This chilled summer soup is a perfect way to enjoy seasonal fresh vegetables.
- 4 large ripe tomatoes (about 2 pounds), quartered
- 1 large green bell pepper, quartered and seeded
- 1 green tomato, quartered (optional)
- 1 jalapeno, halved and seeded (optional)
- 2 large cloves garlic, peeled and halved
- Olive oil
- 1 medium purple onion, chopped
- 1 large cucumber, chopped
- 1 teaspoons lime juice
- 1 tablespoon white vinegar
- Salt and pepper to taste
- Additional finely chopped fresh vegetables (onion, cucumber, corn, etc.) and herbs for garnish
- Place the tomatoes, bell pepper, green tomato, jalapeno and garlic in a large baking dish and drizzle lightly with olive oil. Broil on high until the vegetables have some light charring – about 8-10 minutes.
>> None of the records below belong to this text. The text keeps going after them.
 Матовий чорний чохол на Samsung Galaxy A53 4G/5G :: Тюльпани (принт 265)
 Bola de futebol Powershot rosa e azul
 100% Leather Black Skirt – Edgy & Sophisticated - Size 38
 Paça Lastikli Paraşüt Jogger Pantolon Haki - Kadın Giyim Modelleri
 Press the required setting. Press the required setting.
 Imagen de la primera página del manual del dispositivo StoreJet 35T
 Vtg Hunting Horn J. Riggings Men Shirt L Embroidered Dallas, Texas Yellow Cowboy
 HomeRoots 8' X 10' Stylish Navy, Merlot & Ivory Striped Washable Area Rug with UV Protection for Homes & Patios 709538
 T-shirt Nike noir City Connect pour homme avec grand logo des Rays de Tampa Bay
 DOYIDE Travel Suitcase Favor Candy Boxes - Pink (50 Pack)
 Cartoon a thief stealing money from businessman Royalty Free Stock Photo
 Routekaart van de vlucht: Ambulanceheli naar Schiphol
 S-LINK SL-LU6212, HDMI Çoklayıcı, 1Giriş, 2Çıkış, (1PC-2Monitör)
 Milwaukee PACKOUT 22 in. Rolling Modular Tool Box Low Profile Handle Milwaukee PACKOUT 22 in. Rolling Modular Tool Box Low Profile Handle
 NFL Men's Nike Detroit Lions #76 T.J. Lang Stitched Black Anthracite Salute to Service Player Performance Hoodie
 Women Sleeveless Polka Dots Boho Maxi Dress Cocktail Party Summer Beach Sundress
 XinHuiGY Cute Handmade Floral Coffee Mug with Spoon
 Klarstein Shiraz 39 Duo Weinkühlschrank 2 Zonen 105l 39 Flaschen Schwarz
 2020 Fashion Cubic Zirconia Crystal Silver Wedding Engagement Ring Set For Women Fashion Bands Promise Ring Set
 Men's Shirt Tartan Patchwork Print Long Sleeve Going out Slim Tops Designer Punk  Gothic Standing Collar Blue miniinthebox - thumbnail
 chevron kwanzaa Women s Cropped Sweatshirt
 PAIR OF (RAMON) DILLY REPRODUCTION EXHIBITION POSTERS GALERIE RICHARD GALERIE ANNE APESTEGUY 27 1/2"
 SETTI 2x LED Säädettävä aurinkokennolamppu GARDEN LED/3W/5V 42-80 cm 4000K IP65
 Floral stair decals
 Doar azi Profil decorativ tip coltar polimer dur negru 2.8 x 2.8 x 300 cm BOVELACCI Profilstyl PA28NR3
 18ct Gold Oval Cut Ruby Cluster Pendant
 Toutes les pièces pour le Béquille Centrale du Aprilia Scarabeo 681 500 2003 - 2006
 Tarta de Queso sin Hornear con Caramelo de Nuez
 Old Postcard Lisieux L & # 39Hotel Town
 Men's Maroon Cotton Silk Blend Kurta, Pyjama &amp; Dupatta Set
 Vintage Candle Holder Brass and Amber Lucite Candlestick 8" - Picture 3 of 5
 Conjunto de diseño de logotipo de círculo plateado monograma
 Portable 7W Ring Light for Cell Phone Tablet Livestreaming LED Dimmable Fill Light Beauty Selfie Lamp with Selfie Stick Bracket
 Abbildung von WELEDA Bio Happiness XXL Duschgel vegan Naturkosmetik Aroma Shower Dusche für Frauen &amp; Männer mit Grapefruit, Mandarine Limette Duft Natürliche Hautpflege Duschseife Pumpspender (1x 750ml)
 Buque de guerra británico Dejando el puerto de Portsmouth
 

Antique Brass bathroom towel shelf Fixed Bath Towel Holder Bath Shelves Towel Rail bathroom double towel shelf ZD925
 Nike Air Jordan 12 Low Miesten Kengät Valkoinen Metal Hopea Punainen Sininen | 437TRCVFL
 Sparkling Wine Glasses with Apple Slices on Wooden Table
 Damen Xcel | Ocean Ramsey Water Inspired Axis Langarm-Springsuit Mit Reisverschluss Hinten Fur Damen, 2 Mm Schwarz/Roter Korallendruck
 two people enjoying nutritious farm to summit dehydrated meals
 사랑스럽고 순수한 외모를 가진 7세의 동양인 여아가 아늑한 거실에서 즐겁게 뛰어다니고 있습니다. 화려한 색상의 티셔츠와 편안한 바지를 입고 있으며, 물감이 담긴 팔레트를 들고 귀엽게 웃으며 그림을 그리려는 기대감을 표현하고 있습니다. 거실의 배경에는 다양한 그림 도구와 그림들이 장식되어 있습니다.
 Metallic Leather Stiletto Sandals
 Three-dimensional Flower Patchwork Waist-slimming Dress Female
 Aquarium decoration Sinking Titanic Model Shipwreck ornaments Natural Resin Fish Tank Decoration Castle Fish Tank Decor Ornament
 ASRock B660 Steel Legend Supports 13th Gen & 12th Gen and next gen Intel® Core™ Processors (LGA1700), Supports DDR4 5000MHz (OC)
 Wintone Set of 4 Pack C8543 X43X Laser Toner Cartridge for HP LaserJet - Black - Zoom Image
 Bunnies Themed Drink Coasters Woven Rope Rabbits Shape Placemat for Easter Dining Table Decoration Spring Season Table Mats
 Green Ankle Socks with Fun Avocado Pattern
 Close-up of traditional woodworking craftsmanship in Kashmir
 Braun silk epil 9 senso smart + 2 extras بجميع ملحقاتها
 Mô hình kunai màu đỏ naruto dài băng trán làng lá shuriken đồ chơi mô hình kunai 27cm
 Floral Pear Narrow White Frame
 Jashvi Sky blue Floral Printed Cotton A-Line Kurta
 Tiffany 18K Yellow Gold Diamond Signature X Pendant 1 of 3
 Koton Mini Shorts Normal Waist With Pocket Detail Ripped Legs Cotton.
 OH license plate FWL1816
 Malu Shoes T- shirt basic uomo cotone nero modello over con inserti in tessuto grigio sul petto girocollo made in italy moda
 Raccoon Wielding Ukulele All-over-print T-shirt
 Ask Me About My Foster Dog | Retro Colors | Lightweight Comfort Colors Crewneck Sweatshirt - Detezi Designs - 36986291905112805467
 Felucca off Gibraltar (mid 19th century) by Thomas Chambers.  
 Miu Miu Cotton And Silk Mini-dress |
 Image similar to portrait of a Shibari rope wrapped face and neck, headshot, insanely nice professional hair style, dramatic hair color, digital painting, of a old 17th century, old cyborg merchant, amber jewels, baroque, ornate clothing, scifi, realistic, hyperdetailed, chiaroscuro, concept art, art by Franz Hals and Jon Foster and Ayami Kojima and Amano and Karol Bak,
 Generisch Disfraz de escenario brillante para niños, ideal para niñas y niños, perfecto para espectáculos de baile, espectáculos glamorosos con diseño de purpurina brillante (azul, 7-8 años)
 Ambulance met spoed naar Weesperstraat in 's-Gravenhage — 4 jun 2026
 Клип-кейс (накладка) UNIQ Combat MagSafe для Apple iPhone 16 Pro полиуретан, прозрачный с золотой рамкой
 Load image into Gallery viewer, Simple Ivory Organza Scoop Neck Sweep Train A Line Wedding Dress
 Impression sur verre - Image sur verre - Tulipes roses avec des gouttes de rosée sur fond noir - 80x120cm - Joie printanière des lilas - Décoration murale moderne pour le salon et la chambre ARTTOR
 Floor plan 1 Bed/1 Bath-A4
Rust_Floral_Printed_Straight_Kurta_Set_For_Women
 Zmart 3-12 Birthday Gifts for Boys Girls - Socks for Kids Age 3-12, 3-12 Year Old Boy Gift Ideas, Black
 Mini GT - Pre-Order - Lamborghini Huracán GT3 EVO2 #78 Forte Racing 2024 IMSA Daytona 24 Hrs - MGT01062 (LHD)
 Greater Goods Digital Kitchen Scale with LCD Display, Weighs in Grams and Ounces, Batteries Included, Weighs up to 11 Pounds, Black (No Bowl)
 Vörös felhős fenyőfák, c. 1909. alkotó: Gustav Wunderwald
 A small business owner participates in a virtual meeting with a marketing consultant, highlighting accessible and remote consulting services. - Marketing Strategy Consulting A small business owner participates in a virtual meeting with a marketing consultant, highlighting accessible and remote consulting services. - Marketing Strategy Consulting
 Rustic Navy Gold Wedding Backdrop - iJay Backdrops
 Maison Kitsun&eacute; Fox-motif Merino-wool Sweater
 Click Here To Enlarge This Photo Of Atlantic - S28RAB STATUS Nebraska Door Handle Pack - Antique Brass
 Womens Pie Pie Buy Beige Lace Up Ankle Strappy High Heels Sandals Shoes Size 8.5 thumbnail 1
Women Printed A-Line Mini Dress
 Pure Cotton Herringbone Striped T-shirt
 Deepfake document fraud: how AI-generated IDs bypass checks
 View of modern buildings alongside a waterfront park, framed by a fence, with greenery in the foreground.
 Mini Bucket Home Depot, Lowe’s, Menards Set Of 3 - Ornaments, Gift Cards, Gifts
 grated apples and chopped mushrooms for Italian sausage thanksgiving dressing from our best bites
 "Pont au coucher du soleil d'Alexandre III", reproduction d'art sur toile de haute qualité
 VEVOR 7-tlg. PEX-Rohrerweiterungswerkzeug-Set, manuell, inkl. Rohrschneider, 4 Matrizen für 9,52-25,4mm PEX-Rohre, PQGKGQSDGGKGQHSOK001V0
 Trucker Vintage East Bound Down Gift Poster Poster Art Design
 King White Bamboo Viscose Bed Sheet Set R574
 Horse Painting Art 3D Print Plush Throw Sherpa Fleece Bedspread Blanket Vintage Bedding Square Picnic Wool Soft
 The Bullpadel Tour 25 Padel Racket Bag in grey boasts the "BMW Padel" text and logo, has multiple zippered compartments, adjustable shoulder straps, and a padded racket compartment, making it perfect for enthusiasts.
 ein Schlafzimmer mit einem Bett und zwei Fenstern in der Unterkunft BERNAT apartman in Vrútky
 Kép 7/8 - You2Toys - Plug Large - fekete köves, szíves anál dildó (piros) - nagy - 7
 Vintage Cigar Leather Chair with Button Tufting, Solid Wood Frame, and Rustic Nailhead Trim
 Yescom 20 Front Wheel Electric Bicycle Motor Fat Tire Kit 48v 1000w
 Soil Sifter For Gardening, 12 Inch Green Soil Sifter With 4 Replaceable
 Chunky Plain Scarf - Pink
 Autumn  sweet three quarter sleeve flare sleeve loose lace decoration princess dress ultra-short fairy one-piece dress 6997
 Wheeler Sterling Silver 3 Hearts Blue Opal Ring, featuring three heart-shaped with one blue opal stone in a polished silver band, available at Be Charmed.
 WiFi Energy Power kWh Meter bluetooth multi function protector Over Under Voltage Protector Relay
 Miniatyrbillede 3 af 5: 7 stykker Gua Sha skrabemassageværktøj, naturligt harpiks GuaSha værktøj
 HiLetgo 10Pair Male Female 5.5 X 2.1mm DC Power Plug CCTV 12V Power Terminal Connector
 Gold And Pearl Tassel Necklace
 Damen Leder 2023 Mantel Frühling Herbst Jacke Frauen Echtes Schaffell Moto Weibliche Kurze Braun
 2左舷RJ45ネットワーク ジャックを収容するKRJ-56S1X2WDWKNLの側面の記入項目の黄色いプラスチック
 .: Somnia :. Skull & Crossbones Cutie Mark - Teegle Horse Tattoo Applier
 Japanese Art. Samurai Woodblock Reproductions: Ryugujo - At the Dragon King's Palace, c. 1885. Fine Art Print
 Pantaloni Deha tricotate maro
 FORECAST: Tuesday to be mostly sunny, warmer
- Put the broiled vegetables, onion, cucumber, lime juice, and vinegar in a large blender and process until smooth. If the consistency is too thick, you can add additional tomato juice or vegetable broth.
- Season with salt to taste. Let the gazpacho cool or chill slightly in the refrigerator before serving. Serve with finely chopped fresh vegetables and herbs to garnish each bowl.